He and Farasoa Mihaja Bemahazaka, a university student from Madagascar, were invited to attend the assembly to help the council’s members and advisers explore this year’s topic of emerging youth cultures and how the church can better respond pastorally.

Cardinal Gianfranco Ravasi, the council’s president, said often it seems young people are disconnected from the real world around them, with eyes glued to smartphones and ears muffled by headphones.

“In a certain sense they have put up a shield of self-exclusion” not only against “the unbearable social, political and religious difficulties we adults have created,” but also because “we have excluded them with our corruption and hypocrisy, precarious employment, unemployment and alienation,” he said.

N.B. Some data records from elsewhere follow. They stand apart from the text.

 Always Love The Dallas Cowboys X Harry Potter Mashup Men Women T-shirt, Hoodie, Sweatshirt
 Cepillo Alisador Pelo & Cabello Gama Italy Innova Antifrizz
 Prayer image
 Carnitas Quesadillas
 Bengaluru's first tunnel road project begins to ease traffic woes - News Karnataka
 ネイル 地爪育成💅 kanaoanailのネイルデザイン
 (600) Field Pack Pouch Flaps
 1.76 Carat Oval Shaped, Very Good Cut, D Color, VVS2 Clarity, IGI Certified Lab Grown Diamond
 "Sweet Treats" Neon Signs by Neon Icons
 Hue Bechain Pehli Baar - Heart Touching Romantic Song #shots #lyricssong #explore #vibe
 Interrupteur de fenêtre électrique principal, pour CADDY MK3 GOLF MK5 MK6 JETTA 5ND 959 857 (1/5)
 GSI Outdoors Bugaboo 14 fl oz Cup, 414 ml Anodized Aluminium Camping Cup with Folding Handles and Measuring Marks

Young people are passionate about many things and are often hiding their own genuine sense of spirituality, sincerity and freedom “under the guise of apparent indifference,” the cardinal said.

The more the church’s message is “out there,” he said, the more likely someone will come upon it and decide to explore it.

Antonielli said to overcome this indifference, it’s necessary to anticipate and be ready for what young people need and are looking for.

He said he was searching for the meaning of life and other important questions during his time at college. Instead of finding answers, he stumbled upon even more questions and was never actively approached with the church’s message.

“The church today surely risks making little impact because young people don’t ask questions anymore; however, they nonetheless want answers with one click,” he said.

The church needs to have “a huge presence” in a world awash with choices “because few will see or hear just one pearl dropped in a pool.” The more the church’s message is “out there,” he said, the more likely someone will come upon it and decide to explore it.

This means the church needs to translate its values and teachings into simply understood terms and concrete actions, he said.

Antonielli, who majored in philosophy, said he needed to refer back to Plato, Aristotle, St. Thomas Aquinas and other thinkers of the past to decipher some of the fundamental principles of Christianity. He said he doubted there are many others who would put in the same kind of effort.

“If we don’t go to Mass every Sunday, it’s because the priest’s ‘lecture’ tells me nothing, it doesn’t resonate with me, doesn’t speak my language,” he said.

The church needs to make the Gospel message more understandable, with rational explanations that are both simple and quick, and deep and meaningful at the same time, he said.

While the church needs to be more present where young people are “in the digital habitat,” it cannot forgo the power of human communion, he said.

Religious and lay Catholics also need to translate what the church teaches concretely into their everyday lives by being credible witnesses, he added.

Both Antonielli and Bemahazaka said they found the church to be most effectively present in Catholics who approached them or showed them what true friendship and fellowship is, rather than being swayed by someone who just made dogmatic pronouncements.

“What helped me most was contact with others, especially other young people,” who were active in Catholic groups and volunteer associations, Bemahazaka said. Their presence and activities gave her ways to actually become part of a faith-based community, she said.

Portuguese Bishop Carlos Alberto Moreira Azevedo said there is a real “cultural battle” in creating the right kind of conditions to help people encounter Christ.

“There’s a low birthrate in generating faith, too,” he said.

The church needs to figure out why its efforts have sometimes failed and what has “dug the divide between youth and the church,” he said.

Today’s adults either “don’t know how to or don’t have time to take care of their own faith and grow in the faith” so as to show young people the way, the bishop said.